I just got this one from a local classified ad.  E. Behan Pembroke Ont. slug plate.  Really nice sun colored amethyst.  Next to a clear and aqua bottle for comparison.


----------



## dw3000 (Feb 13, 2013)

.


----------



## sandchip (Feb 13, 2013)

Nice trio!


----------



## dw3000 (Feb 14, 2013)

Thanks


----------



## RCO (Feb 16, 2013)

i haven't seen that exact bottle before but i did see a behan pembroke hutchinson bottle during the summer when i was in pembroke at a store there , didn't buy it though but maybe should of as it was old just though price was a bit high at time . 
 i think there bottles are pretty hard to find but i'm sure there is alot more buried in dumps in that area is there is alot of farms and forested areas for bottles to hide . the town was also alot bigger back then when logging industry booming and many mills in the area so it was big enough to have a couple bottlers in town. 

 also a really rare pembroke bottle is for golden lion beverages , it only existed for a bit in the 30's according to book  and i've never even seen one for sale but read a newspaper article about someone finding one in pembroke river


----------



## RCO (Feb 16, 2013)

( found the article it an old one but still has great information it says behan operated from 1880-1910 ) 



 Bottle made in Pembroke could be 120 years old 




 By Sean Chase, Daily Observer 

 Tuesday, August 12, 2008 7:00:00 EDT AM 



 Two years ago Neil Melancon was taking a walk around the shore of the Ottawa River when he saw an object sticking out of the ground.

  The Pembroke man pulled the object out of the dirt and found one of his most priceless possessions - an old soda bottle that could be more than 120 years old.

 "It was in perfect shape," Mr. Melancon said describing the green Hutchinson soda water bottle that was probably manufactured at the E. Behan plant in Pembroke between 1880 and 1910. "I know I'll never find another one like that."

 An avid collector of antique bottles, Mr. Melancon was dusting some off last week as the City of Pembroke marked the 180th anniversary of its settlement.

 While he could get $35 for the bottle, he considers it one of the most unique items in his collection of 300 bottles.

 One of the unique features of the bottle, the stopper or cork, was still attached. He suspects it originally lay at the bottom of the Pembroke Marina inlet until that area was dredged a few years ago.

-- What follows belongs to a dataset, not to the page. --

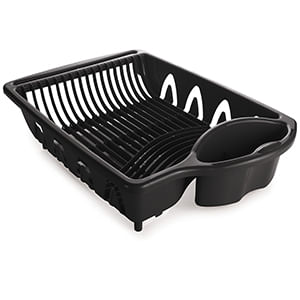 Escorredor de Louças e Talheres Plástico Preto 12,4x35,8x51cm 13966 - Plasútil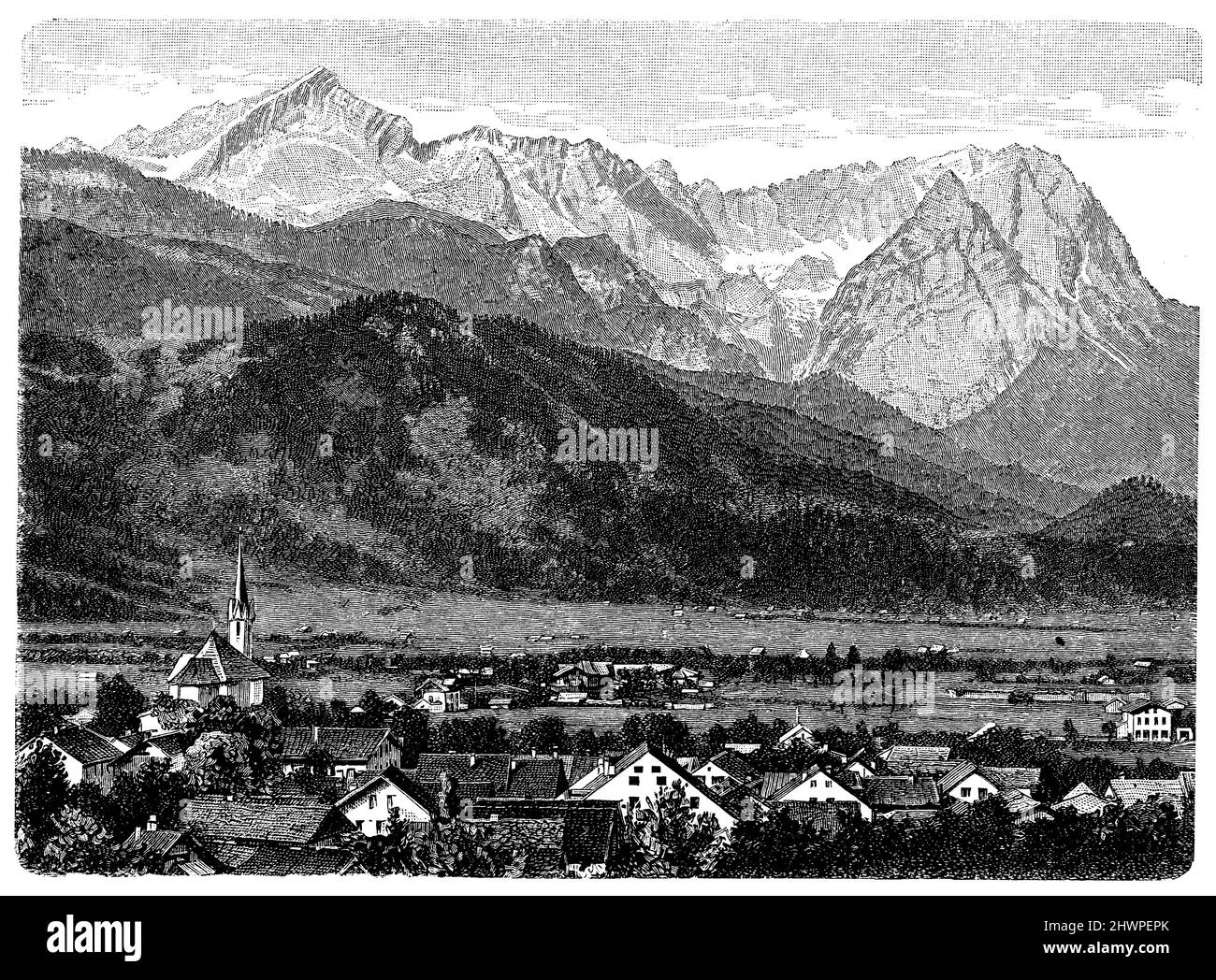 Wetterstein e Partenkirchen. Zugspitze, , (atlas, 1909), Wettersteingebirge und Partenkirchen. Zugspitze, Les montagnes du Wetterstein et Partenkirchen. Zugspitze Foto Stock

 "It was because of it's thickness that it survived," he said. "It's amazing."

 He also found a rare "Cold Lion Beverages" bottle in the Indian River near Pansey Patch Park. The bottle had a designer stamp on it indicating it was distributed in 1928, the year of the settlement's centenary.

 Residents should appreciate Pembroke rich history, Mr. Melancon said.

 He also has a rare copy of the Pembroke Centenary and Old Home Week program printed in 1928.

 His expeditions along the Ottawa River have brought him to a spot behind the beer store on Nelson Street. He said it is a treasure trove of antiquities.

 "It's a place where they use to dump stuff," he remarked. "I found some military badges there once."

 However, one of his strangest finds was a priceless 100-year-old bottle that he pulled from underneath a barn on Allumette Island. It had been produced and distributed in Australia. How it got there is anyone's guess, he said.

 http://www.thedailyobserver.ca/2008/08/12/bottle-made-in-pembroke-could-be-120-years-old


----------



## dw3000 (Feb 17, 2013)

I got a kick out of that story.  Must have been a slow news day.


----------



## RCO (Aug 20, 2015)

*Re:  RE: E. BEHAN soda Pembroke Ontario*

was over to that part of eastern Ontario last weekend and ran across a Behan Pembroke bottle for sale so finally have one  , had to pay a bit for it but is a hard company to find any bottles from and book says they went out of business 1925 so can't be any newer than 20's . in good condition but is a lot of air bubbles in bottles for whatever reason


----------



## Robby Raccoon (Aug 20, 2015)

*Re:  RE: E. BEHAN soda Pembroke Ontario*

dw300, a lot of towns will feature bottle-stories. A girl in my own was cleaning a beach and found a rare 1800s bottle in some reeds.  Nice bottles, guys.


----------



## Matt halliday (Aug 22, 2020)

RCO said:


> ( found the article it an old one but still has great information it says behan operated from 1880-1910 )
> 
> 
> 
> ...


Im from here and know the man himself.


----------



## Matt halliday (May 24, 2021)

Just pulled this one out of the river today in pembroke


----------



## RCO (May 24, 2021)

Matt halliday said:


> Just pulled this one out of the river today in pembroke



it looks similar to the one I have but is a few different variations , always liked the design of this bottle and fact its from Pembroke .


----------